No offense intended, Lili. I'm sure you're a wonderful person and a wonderful writer. And I do understand how you are frustrated at this situation. Your sales are suffering, and it is beyond your control, so naturally you want to place blame and voice your discontent.
But I believe you aren't looking at the big picture, and cutting off comments on your blog isn't how you, or anyone following you, can use this situation as a learning experience.
Lili's post is entitled How "Amazon" Means "Less Books For You."
Lili: Dear Readers, let me tell you about my editor.
I have been with my editor at Orbit–Devi Pillai, who Anya Devi in the Kismet books was loosely based on–for over a decade now. She shepherded me through the Valentine series, consoled me through the end of Heaven’s Spite, took a chance on the Damnation Affair, and loved a certain hedgewitch Queen so much she kept asking about it for years until she could finally buy it. She remains an editor I trust implicitly. When she sticks to her guns and insists, I generally rethink my position and trust she’s right, and (far less often, because I rarely dig my heels in unless it’s Important) vice versa. She understands my working style, leaves me the freedom I need while ensuring I get the support I often don’t know I need to turn in my best work.
Joe sez: Ok, we get it. You and your editor have a wonderful bramance going on (Get it? It's the opposite of bromance with bra = female.)
I'm sure she's excellent. She'd better be, because she and Hachette are getting 75% of net ebook royalties, and you--the one who wrote the books--only get 25%.
Lili: Not only that, but she advocates for me tirelessly in editorial and marketing meetings. She fights for my books, she fights to bring my books to you. She is everything an editor should be, and it’s largely because of her faith in me that I can write full-time and pay my mortgage.
Joe sez: Because when we're at the mercy of a giant, soul-sucking organization like Hachette (full disclosure, they published my book Afraid), we need an insider to fight for our books, or else they won't do well.
That seems... terrible.
Lili: She works for Orbit. Orbit is a part of Hachette. Amazon, the behemoth that undercut its competitors and has become not the only, but the biggest game in town, wants more money out of Hachette. So, Amazon has removed the preorder buttons on Hachette books. Including the last Bannon & Clare book, The Ripper Affair.
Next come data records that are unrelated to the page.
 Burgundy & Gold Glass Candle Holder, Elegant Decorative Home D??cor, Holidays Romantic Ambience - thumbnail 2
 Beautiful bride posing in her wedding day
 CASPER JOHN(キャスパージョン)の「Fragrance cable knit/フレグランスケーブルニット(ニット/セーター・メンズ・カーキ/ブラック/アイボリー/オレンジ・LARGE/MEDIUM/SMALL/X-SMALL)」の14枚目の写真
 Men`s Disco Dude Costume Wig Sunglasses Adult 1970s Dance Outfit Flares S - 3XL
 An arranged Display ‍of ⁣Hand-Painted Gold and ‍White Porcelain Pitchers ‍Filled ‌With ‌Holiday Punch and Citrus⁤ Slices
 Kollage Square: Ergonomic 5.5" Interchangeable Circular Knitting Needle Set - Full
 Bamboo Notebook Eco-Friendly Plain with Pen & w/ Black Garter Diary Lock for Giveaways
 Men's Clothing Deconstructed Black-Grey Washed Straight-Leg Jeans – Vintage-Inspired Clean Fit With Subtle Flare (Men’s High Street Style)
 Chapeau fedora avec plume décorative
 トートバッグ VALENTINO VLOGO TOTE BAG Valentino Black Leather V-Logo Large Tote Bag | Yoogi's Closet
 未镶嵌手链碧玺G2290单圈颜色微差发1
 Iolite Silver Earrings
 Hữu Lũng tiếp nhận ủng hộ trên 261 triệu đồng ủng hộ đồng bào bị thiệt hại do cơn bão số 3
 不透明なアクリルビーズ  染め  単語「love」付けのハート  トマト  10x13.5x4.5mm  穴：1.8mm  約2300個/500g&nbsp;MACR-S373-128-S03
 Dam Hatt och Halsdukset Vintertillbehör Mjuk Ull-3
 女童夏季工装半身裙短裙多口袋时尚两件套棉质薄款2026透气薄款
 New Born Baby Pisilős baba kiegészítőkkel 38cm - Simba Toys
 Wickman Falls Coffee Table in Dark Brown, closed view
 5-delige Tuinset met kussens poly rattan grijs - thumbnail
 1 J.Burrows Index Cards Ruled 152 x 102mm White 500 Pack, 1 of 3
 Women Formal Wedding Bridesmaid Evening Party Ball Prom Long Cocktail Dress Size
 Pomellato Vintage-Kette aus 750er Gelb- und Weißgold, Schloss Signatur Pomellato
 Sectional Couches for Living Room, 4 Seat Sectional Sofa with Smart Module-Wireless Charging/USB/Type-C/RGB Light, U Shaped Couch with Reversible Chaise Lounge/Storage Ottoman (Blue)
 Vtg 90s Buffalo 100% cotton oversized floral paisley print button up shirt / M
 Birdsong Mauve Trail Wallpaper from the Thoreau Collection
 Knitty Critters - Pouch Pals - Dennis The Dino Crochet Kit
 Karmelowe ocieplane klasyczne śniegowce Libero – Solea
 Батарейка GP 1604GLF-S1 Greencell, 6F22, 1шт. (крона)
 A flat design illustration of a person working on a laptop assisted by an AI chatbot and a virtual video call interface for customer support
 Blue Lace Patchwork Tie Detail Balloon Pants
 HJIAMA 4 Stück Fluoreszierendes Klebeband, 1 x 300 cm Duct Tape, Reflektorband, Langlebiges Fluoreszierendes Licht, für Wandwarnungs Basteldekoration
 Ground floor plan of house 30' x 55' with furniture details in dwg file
Joe sez: Amazon, the behemoth that turned online booksales into a multibillion dollar company, and invented the Kindle which kickstarted the ebook revolution.
Amazon, which continuously innovates and strives to please customers, and counts authors who publish via Amazon among its customers.
Amazon, which is not a monopoly, it's just very good at what it does, as opposed to Hachette, which the Department of Justice brought a successful collusion suit against for fixing ebook prices and keeping them artificially high. I believe Hachette did this to protect their paper distribution cartel by forcing Amazon to accept the Agency Model, which took away Amazon's ability to price low and took money directly out of their authors' pockets.
Amazon, which last I checked was a US company engaged in the nefarious act of capitalism.
Amazon, which can decide to sell whatever it wants to, just like Hachette can publish whomever it wants to.
Lili: Preorders are largely how publishers forecast how well a certain book will do. Those forecasts create numbers that are used when, for example, Devi makes the case to buy another series from me while I’m finishing up writing the current one. It’s not fair, but it’s the only metric the publishers have in some cases, for all sorts of reasons–frex, it can take over six months for the contracts department to get all situated. (Contracts people are by their nature picky and detail-oriented, and that’s fine, it’s just frustrating sometimes.)
Joe sez: I've blogged before about author Stockholm Syndrome. Making excuses for the bad behavior of your publisher.
Now the reverse might also be applied, that I'm making excuses for Amazon. I'm not. When Amazon behaves badly, I call them on it. Insofar as I'm aware, Amazon is not behaving badly in this case.
But I don't know for sure. The only two parties that know are Hachette and Amazon, and neither is talking. So isn't it a bit presumptuous to point fingers when we don't know what's going on?
Lili: All of this is backstory (hello, exposition!) to what I am about to tell you.
The full, nasty effect of Amazon removing buy buttons (like they did when squeezing Macmillan for more cash a few years ago) and removing the ability to preorder a publisher’s upcoming books doesn’t hit the publisher.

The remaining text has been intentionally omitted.